__Problem to work on__
When you reach the line containing "Make Baked sausage rolls step 7", begin reproducing the material exactly, stop after the line containing "Eskimo Strasshut, Wintermütze", and leave out any pictures along the way.

__Source data__
************

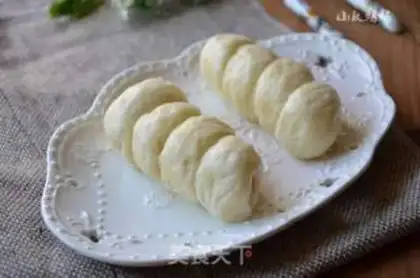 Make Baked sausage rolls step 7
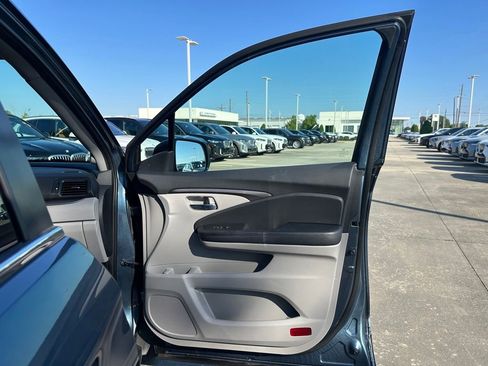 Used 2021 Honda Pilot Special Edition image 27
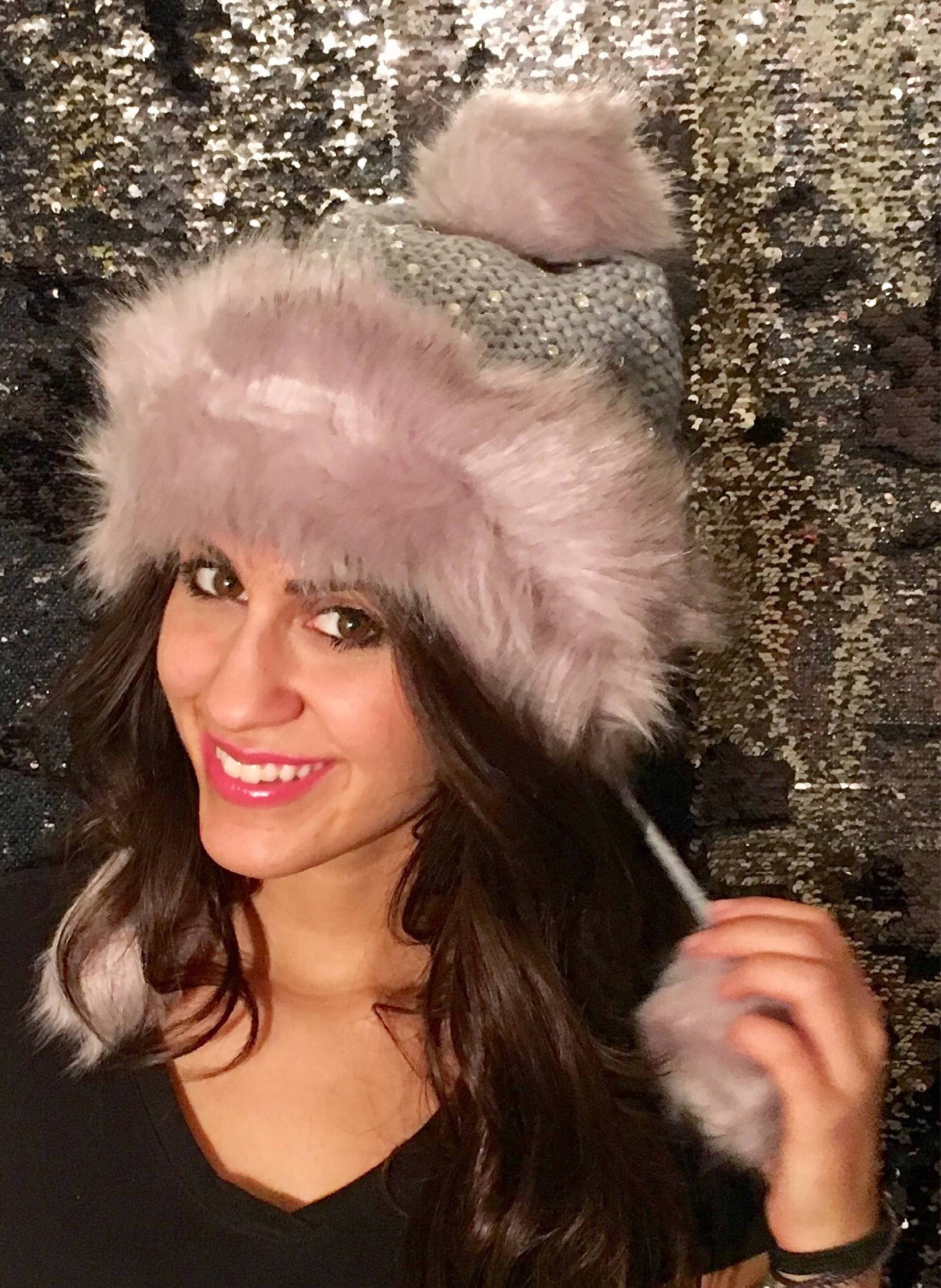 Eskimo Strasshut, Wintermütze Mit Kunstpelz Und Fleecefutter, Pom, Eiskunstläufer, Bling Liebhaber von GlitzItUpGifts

************

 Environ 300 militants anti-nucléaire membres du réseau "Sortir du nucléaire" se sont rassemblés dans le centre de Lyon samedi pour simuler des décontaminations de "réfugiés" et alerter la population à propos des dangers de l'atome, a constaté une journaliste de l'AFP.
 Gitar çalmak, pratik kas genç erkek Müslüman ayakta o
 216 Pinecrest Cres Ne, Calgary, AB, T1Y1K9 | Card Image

************

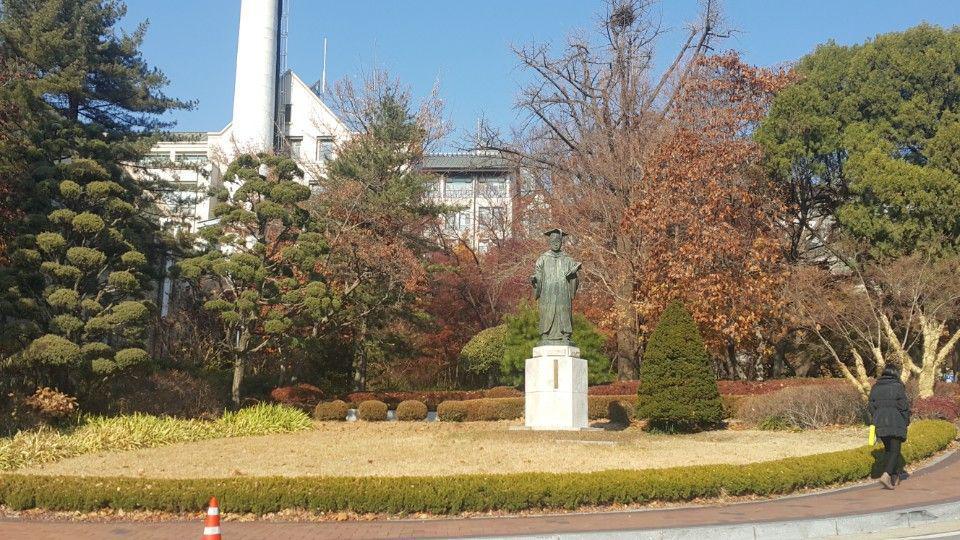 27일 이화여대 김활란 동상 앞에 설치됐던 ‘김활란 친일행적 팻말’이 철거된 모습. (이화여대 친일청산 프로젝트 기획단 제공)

************

__Task response__
 Make Baked sausage rolls step 7
 Used 2021 Honda Pilot Special Edition image 27
 Eskimo Strasshut, Wintermütze Mit Kunstpelz Und Fleecefutter, Pom, Eiskunstläufer, Bling Liebhaber von GlitzItUpGifts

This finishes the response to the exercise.